# [Record extracts]
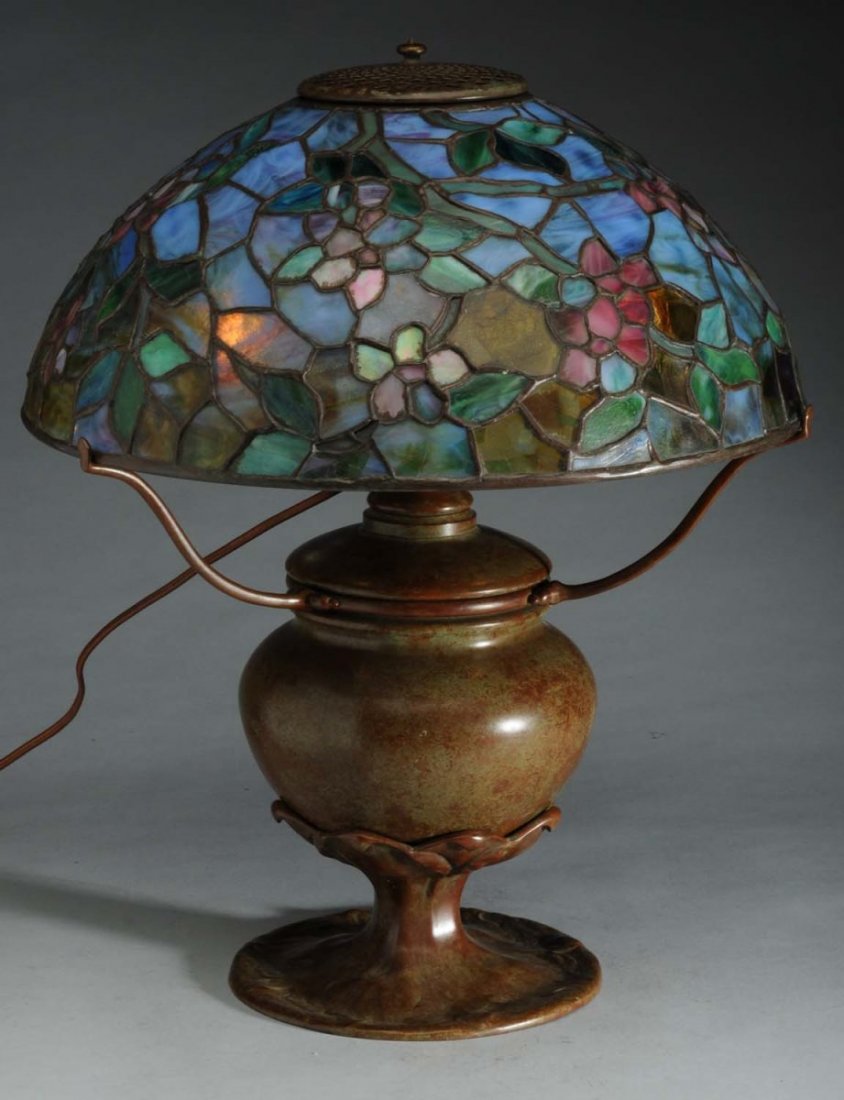 Reproduction Tiffany Lamp: Floral Pattern.: 1960's reproduction signed Tiffany Studios New York shade, no. 1455, with reproduction Tiffany base. Lots of confetti glass. Condition Excellent. Size Shade 16" D.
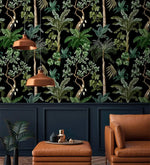 Copper pendants and tan leather seating against jungle foliage palm wallpaper on navy panelling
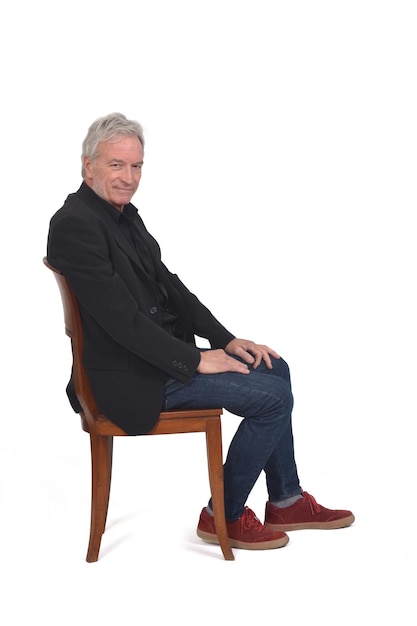 Vue latérale d'un homme assis sur une chaise avec des baskets jeans et blazer regardant la caméra sur fond blanc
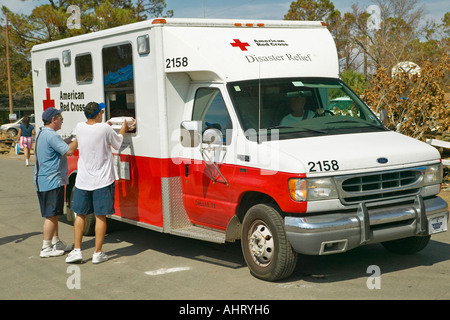 Victims of Hurricane Ivan in Pensacola Florida suburb come to Red Cross emergency for food water and ice Stock Photo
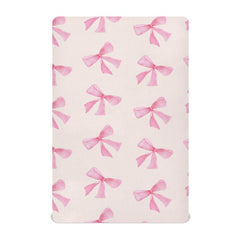 Burbuja Pink Bow crib sheet close-up shows soft modal fabric for gentle touch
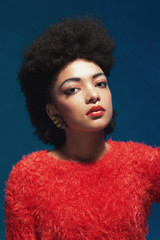 Elegant woman with Afro hair wearing fuzzy tops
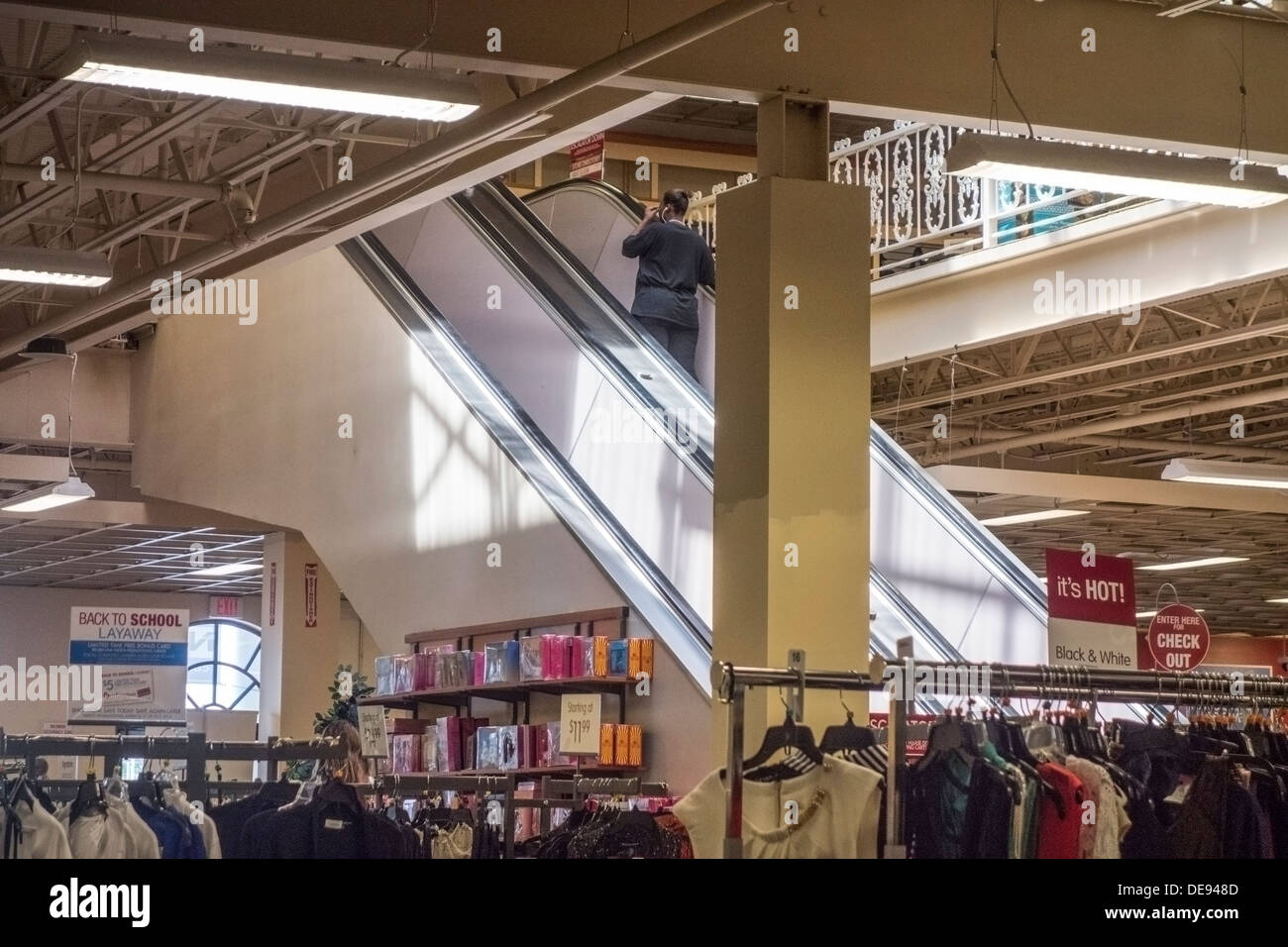 All'interno di un dipartimento di sconto negozio con cremagliere di vestiti e di una donna in sella alla scala mobile. Oklahoma City, Oklahoma, Stati Uniti d'America. Foto Stock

# [Problem details]
Would you repeat the listing word for word and skip every picture?

# [Response area]
 Reproduction Tiffany Lamp: Floral Pattern.: 1960's reproduction signed Tiffany Studios New York shade, no. 1455, with reproduction Tiffany base. Lots of confetti glass. Condition Excellent. Size Shade 16" D.
 Copper pendants and tan leather seating against jungle foliage palm wallpaper on navy panelling
 Vue latérale d'un homme assis sur une chaise avec des baskets jeans et blazer regardant la caméra sur fond blanc
 Victims of Hurricane Ivan in Pensacola Florida suburb come to Red Cross emergency for food water and ice Stock Photo
 Burbuja Pink Bow crib sheet close-up shows soft modal fabric for gentle touch
 Elegant woman with Afro hair wearing fuzzy tops
 All'interno di un dipartimento di sconto negozio con cremagliere di vestiti e di una donna in sella alla scala mobile. Oklahoma City, Oklahoma, Stati Uniti d'America. Foto Stock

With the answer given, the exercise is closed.